Concepts Introduced or Used
- Norton-Simon model: mathematical framework for chemotherapy scheduling based on Gompertzian growth kinetics
- Gompertzian growth: relative growth rate falls exponentially as population size increases, approaching a plateau
- Dose density: concept that administering chemotherapy at the maximal feasible rate (minimum safe interval between doses) improves outcomes
- Tachyphylaxis: waning of medication effect with continuous exposure; cited as biochemical rationale for why more drug is not always more effective
- Drug effect function D(t): time-varying measure of drug activity; peaks and then declines despite continued dosing, and when D(t) follows this pattern the optimal strategy is to dose to the point of maximal impact and then discontinue
- therapy-resistance — the paper addresses practical optimization of cytotoxic chemotherapy rather than resistance mechanisms directly, but the Norton-Simon framework informs dose-dense strategies relevant to preventing resistant clone emergence
Entities Referenced
- Cell lines: MX-1 (human breast cancer xenograft), KPL-4 (human breast cancer xenograft)
- Drugs: Capecitabine (Xeloda), 5-fluorouracil, cyclophosphamide, doxorubicin, paclitaxel, docetaxel, ixabepilone, lapatinib
- Software: NONMEM V (nonlinear mixed-effects modeling)
- Clinical trials referenced: CALGB 9741 (dose-dense breast cancer trial), phase I trial of capecitabine 7-7 by Traina et al. 2008
Limitations (as stated by authors)
- The study was performed in xenograft models; the authors state that the method “warrants further investigation and application in clinical drug development” and that clinical translation is ongoing (phase I completed, phase II and III trials planned).
- The method was demonstrated on capecitabine specifically; application to other agents was in early stages at the time of publication, with phase I/II studies ongoing for a new cytotoxic agent using the same modeling approach.

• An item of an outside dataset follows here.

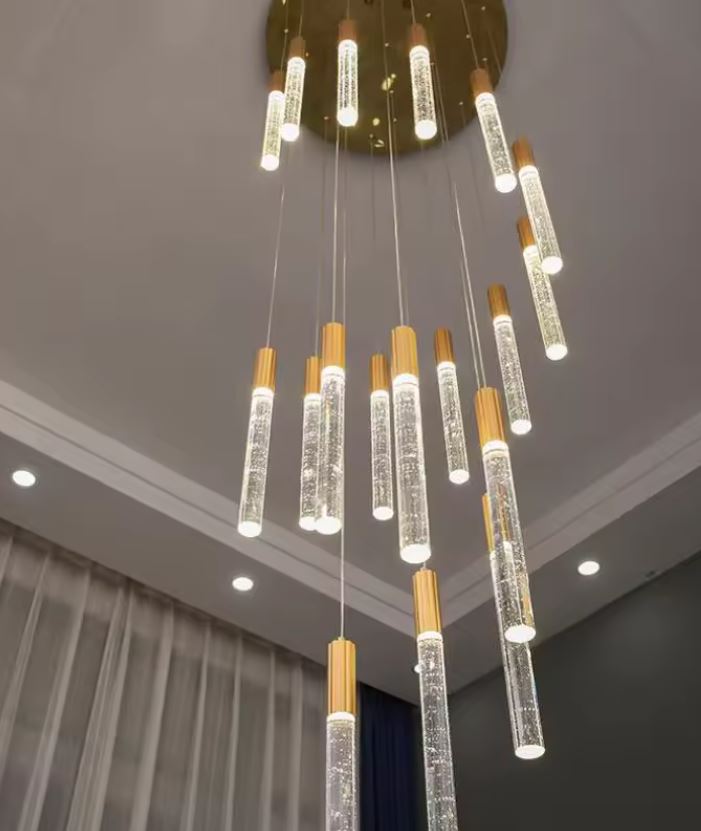 16 Drop Spiral Stairwell Chandelier Light 16 Drop Spiral Stairwell Chandelier Light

Relevance to Clonal Evolution
This paper does not directly address clonal evolution or tumor heterogeneity — it models tumors as single Gompertzian populations. However, its demonstration that Norton-Simon scheduling improves outcomes establishes the baseline that the Castorina et al. (2009) two-population extension critiques: when clonal heterogeneity is present, the single-population schedule becomes suboptimal. Together, these papers show that growth kinetics matter for treatment strategy, and that ignoring clonal diversity in growth models has concrete therapeutic consequences.